The Deep Dark Woods
Jubilee
[Six Shooter/ Sugar Hill
2013]

www.thedeepdarkwoods.com


File Under: rockin' in the woods

di Fabio Cerbone (10/10/2013)

La prima impressione è di avere quasi sbagliato disco e band, ma in fondo non le radici di un suono e forse neppure di un intero immaginario: Miles and Miles gronda di riverberi, chitarre e organi, è accompagnata da un falsetto che ricorda paurosamente Jim James dei My Morning Jacket e da una melodia distante e maliconica che ha l'impronta del Neil Young più introverso. Sono invece i canadesi The Deep Dark Woods - una delle più intriganti scoperte del mondo rock tradizionalista in stagioni recenti - a scegliere questa fuorviante introduzione per il loro nuovo sforzo artistico, Jubilee. Spiazza il brano perché sembra appartenere ad una fragile estestica, legata più all'indie rock e meno a quella sorta di agrodolce alternative country che ci aveva fatto invaghire di loro con l'uscita di The Place I Left Behind (terzo disco in carriera, prontamente recuperato dall'indipendenza e pubblicato dalla Sugar Hill nel 2012).

Si tratta di un fuoco di paglia, forse un diversivo prima di addentrarsi nel cuore dell'album. Quest'ultimo resta una naturale evoluzione del passato, una sequela di ballate rarefatte che portano il folk rock e le radici country appalachiane del gruppo verso le radure umide e i boschi dello stato di Alberta: ci tengono infatti The Deep Dark Woods a farci sapere che l'intero Jubilee è stato catturato in una baita delle Rocky Mountains, Bragg Creek il luogo preciso del misfatto.
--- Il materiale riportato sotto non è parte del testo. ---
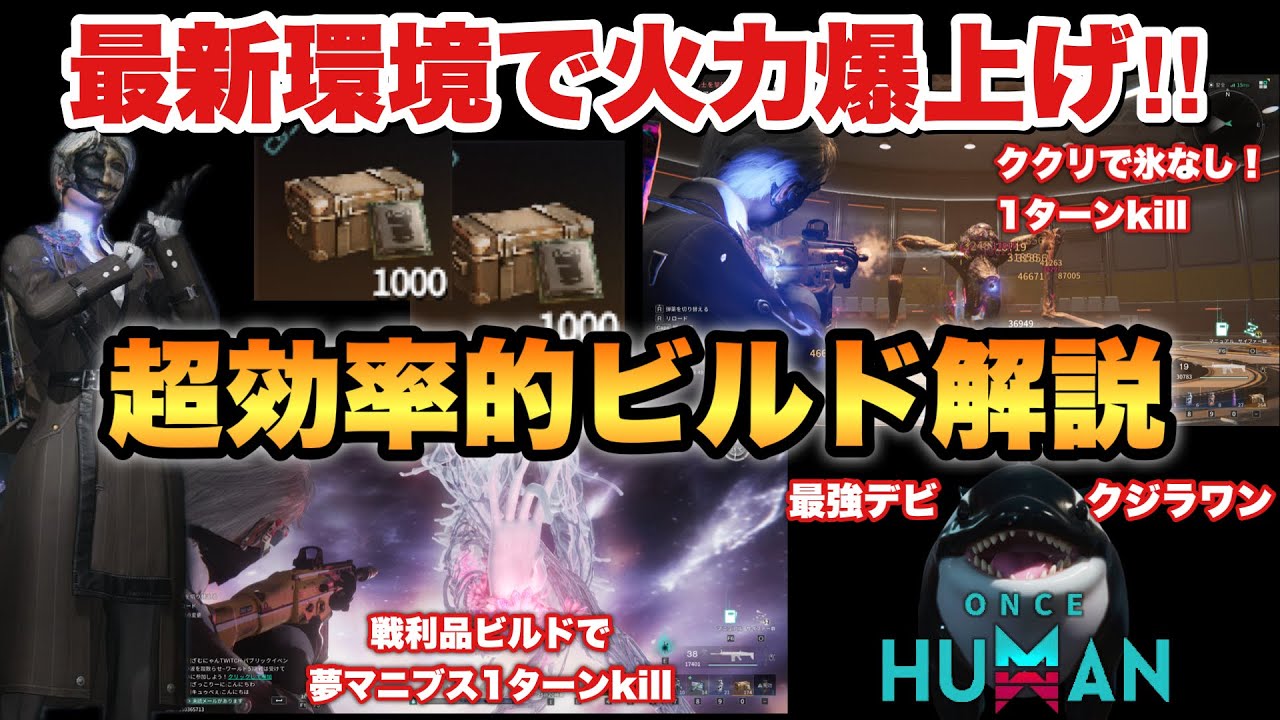 【#ワンスヒューマン】火力爆上げ！新環境ビルド解説！超効率的でコスパ最強周回方法はコレだ！あまりにもクジラワンとセイビアが強すぎた！【#OnceHuman】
Forse perché la loro musica è inscindibile dalla geografia di certi luoghi: il canto cupo e nostalgico Ryan Boldt, i riverberi caldi e minimali delle chitarre di Burke Barlow, quell'incedere pigro e delicato che ha fatto la fortuna dei lavori precedenti. Oggi però l'arricchimento del sound si fa evidente: con la firma importante di Jonathan Wilson sulla produzione, i Deep Dark Woods allargano le maglie delle loro ballate, sposando un folk elettrico più dilatato e spunti strumentali che strizzano l'occhio ai sixties, a certa psichedelia rarefatta, anche attraverso l'utilizzo di chincaglierie vintage (organetti desueti come celesta e novachord, un vibrafono…).

Si sciolgono così le inibizioni nel finale, tra l'impalpabile The Beater e ancor di più nei dieci minuti e passa di The Same Thing, letargico boogie sui cui evidentemente non deve essere stata secondaria la stessa presenza di Wilson. Ciò detto, stile e portamento non cambiano radicalmente, anzi, perché la semplicità di gusto e l'approccio lieve della band conserva i suoi tratti caratteristici: Picture on My Wall, Pacing the Room, A Voice is calling, I Took to Whoring sono un unico condensato della loro magia e al tempo stesso un limite nel trattenere buona parte del disco dentro simili atmosfere. In tal senso Jubilee non gode dell'effetto sorpresa e del grande salto qualitativo del suo predecessore (dal roots più spicciolo degli esordi a qualcosa di assai più caratteristico), e può permettersi qualche volta di fare anche accademia: il singolo 18th of December è un country rock da manuale con una melodia rubata e rallentata dal classico Shady Grove, Bourbon Street un dolce folk dai riflessi "byrdsiani", mentre Gonna Have a Jubilee e It's a Been a Long Time rotolano dolcemente sulle armonie vocali e su quelle ambientazioni quasi spirituali, soffuse, tipiche dei cinque canadesi.